Anderson Gallery a major art donation to Stanford
Tuesday, June 14, 2011
Stanford University will receive a major donation of 121 works of painting and sculpture by 86 artists, including Jackson Pollock's "Lucifer," (above) from a family of Peninsula art collectors. Added to existing art holdings, the gift moves Stanford to the front rank among universities with teaching museums.
The donation, from Harry W. and Mary Margaret Anderson of Atherton and their daughter, Mary Patricia Anderson Pence, comprises the cream of their peerless collection of postwar American art.
As an added element of its "arts district" and campus-wide Arts Initiative, Stanford will construct a new building, near the Cantor Center for Visual Arts, to house the Anderson Collection. The Andersons will not underwrite its design or construction.
"We will have the responsibility for filling it," Harry "Hunk" Anderson told The Chronicle by phone. That will include the future loan for display of important pieces the Andersons will retain.
2014 opening planned
Stanford plans to open the Anderson Gallery, as it will be called, in late 2014.
The crown jewel of the gift is Pollock's "Lucifer" (1947), a stellar example of the artist's mature, drip-painting style, which reset the level of ambition and the physical scale of American painting after World War II. "Lucifer" stood out even in the great 1998-99 Pollock retrospective shared by New York's Museum of Modern Art and Tate Modern, London.
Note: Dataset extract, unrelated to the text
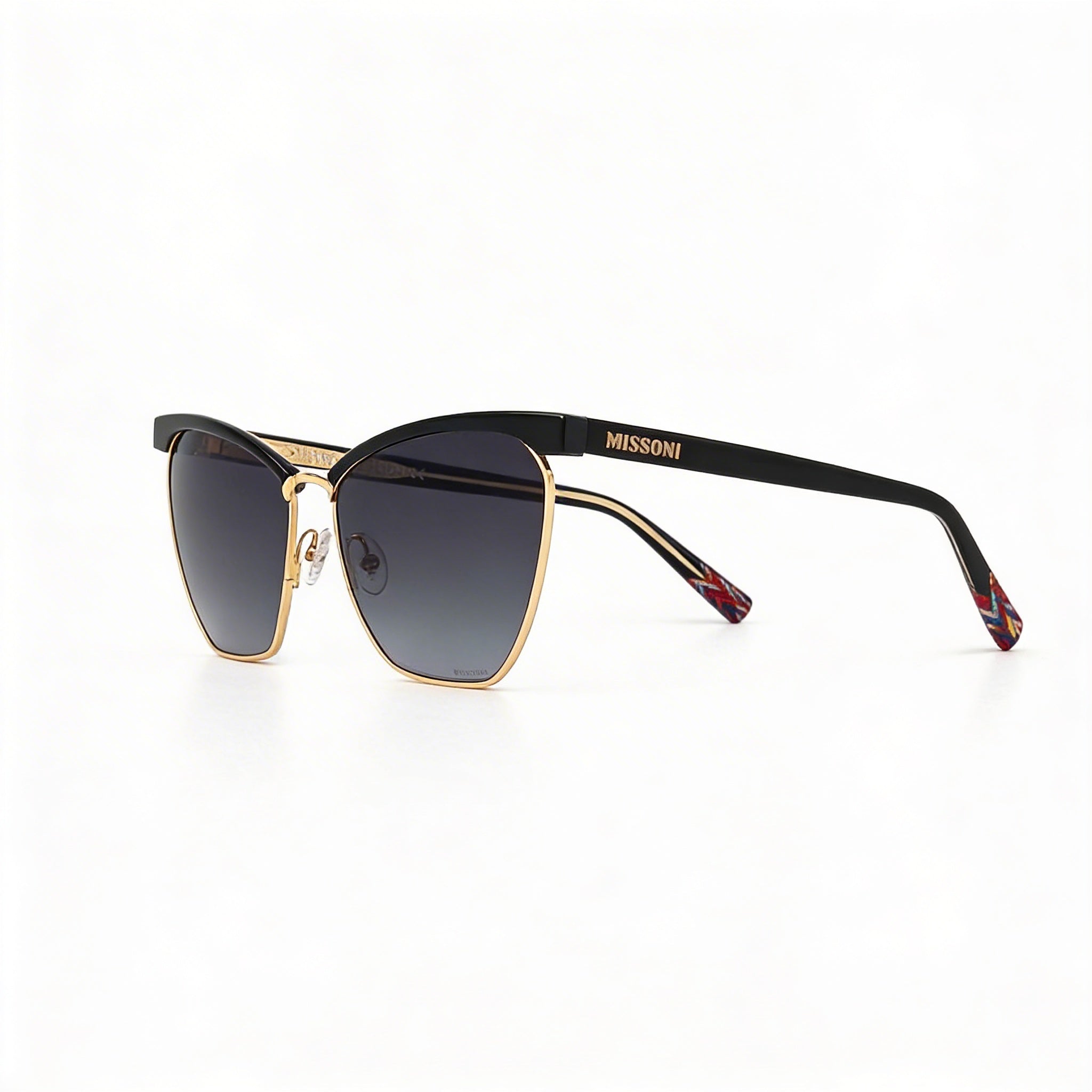 Gafas de sol Missoni Eyewear para mujer, montura metálica, gris oscuro degradado, negro dorado, sin polarizar, protección UV, 60 mm, Photo 1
Because of the quality, rarity, fine condition and historic importance of "Lucifer," it is probably the privately owned 20th century American artwork most coveted by museums nationwide. The Andersons have kept their thinking about donations so private that no one can say what, if anything, their gift to Stanford portends for future benefactions.
Stanford has not yet released a checklist of the objects in the Anderson gift. But it includes a number of works by other artists comparable to "Lucifer" in significance and artistic stature: "Woman Standing - Pink" (1954-55) by Willem de Kooning, "Pink and White Over Red" (1957) and "Untitled (Black on Gray)" (1969) by Mark Rothko, a canonical black painting by Ad Reinhardt, and major works by other late 20th century painters and sculptors, among them Clyfford Still, Philip Guston, Ellsworth Kelly, Franz Kline, Morris Louis, David Smith, Joan Mitchell and Frank Stella.
The Bay Area and West Coast are well represented in the Anderson gift by works such as Wayne Thiebaud's 1962 "Candy Counter," David Park's "Four Women" (1959), Richard Diebenkorn's "Ocean Park #60" (1973), Sam Francis' "Red in Red" (1955) and Los Angeles abstractionist John McLaughlin's "#13" (1962).